The aim of these schools is to build core data science skills and introduce open tools and resources for researchers. These are essential skills that you need to work effectively. Our vision is to grow a network of host institutions, instructors, assistants and helpers to increase research capacity, as it relates to data in Low and Middle Income Countries.

How did you get involved?

I attended the very first CODATA-RDA School of Research Data Science (SoRDS) in 2016 as a student. At that time I was still doing my PhD. I then became a helper the following year. I then connected with Dr. Martie van Deventer and Prof. Marlene Holmner to organise the very first South African Data Science Summer School in 2020, after which I joined the CODATA-RDA SoRDS as a co-chair. Since then, I have co-organised and co-taught at many schools in Trieste (Italy) and South Africa.

Why do you find it useful to be a part of this community?

The school was invaluable to me, as it helped me to embark on my journey to becoming a Data Scientist. I established life-long friendships and built a network of people with whom I can collaborate and we all want to pay it forward. I still get great feedback from our participants and they say that this school was life changing and it enabled them to do their own data analyses.

Is your community accessible and welcoming to women? If so, how?

Yes, absolutely! These schools are open to any post-graduate students or early career researchers, regardless of their gender.

How can other people become a part of this community?

On our website we have a “Get Involved” section which specifies how people can become helpers, instructors, future hosts, or supporters.

What other communities of practice are you a part of?

  • RDA Interest Group: CODATA-RDA Research Data Science Schools for Low and Middle Income Countries
  • Carpentries instructor and trainer
  • WITIN Advisory Board Member

💡 What advice do you have for women in Humanities and Social Sciences (HSS) eager to grow their computational skills?

There are abundant free and open resources for upskilling, but without a roadmap, you can easily get lost. The best approach is to start improving a single thing. For example, continue using Excel, but at least make sure that the data is tidy. Then try to control the versions using Git. Eventually, you can try to make a plot in R or Python.
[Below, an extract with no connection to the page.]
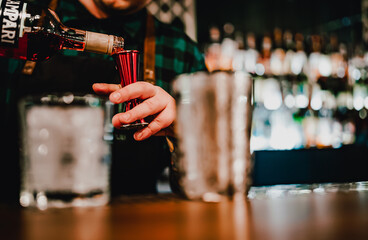 man bartender hand making negroni cocktail. Negroni classic cocktail and gin short drink with sweet vermouth, red bitter liqueur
My advice is: Just start somewhere.

In hindsight, I would say that the following tools are essential for academic success (and I wish I had learned about this when I was a student):

  • UNIX: to navigate in a terminal and use commands to easily process files in batches.
  • Git: for version control of code and/or files (also serves as a backup so that you don’t need to worry about your laptop getting stolen or breaking).
  • R or Python: for data cleaning, analysis, and visualization.
  • SQL: to retrieve data from databases, especially when you work with big tabular datasets.
  • LaTeX: for writing manuscripts.
  • Mendeley or Zotero: for managing references.
  • Markdown: for reproducible report writing (this is like a digital lab book where you can write notes, add code and images, or even make plots with code).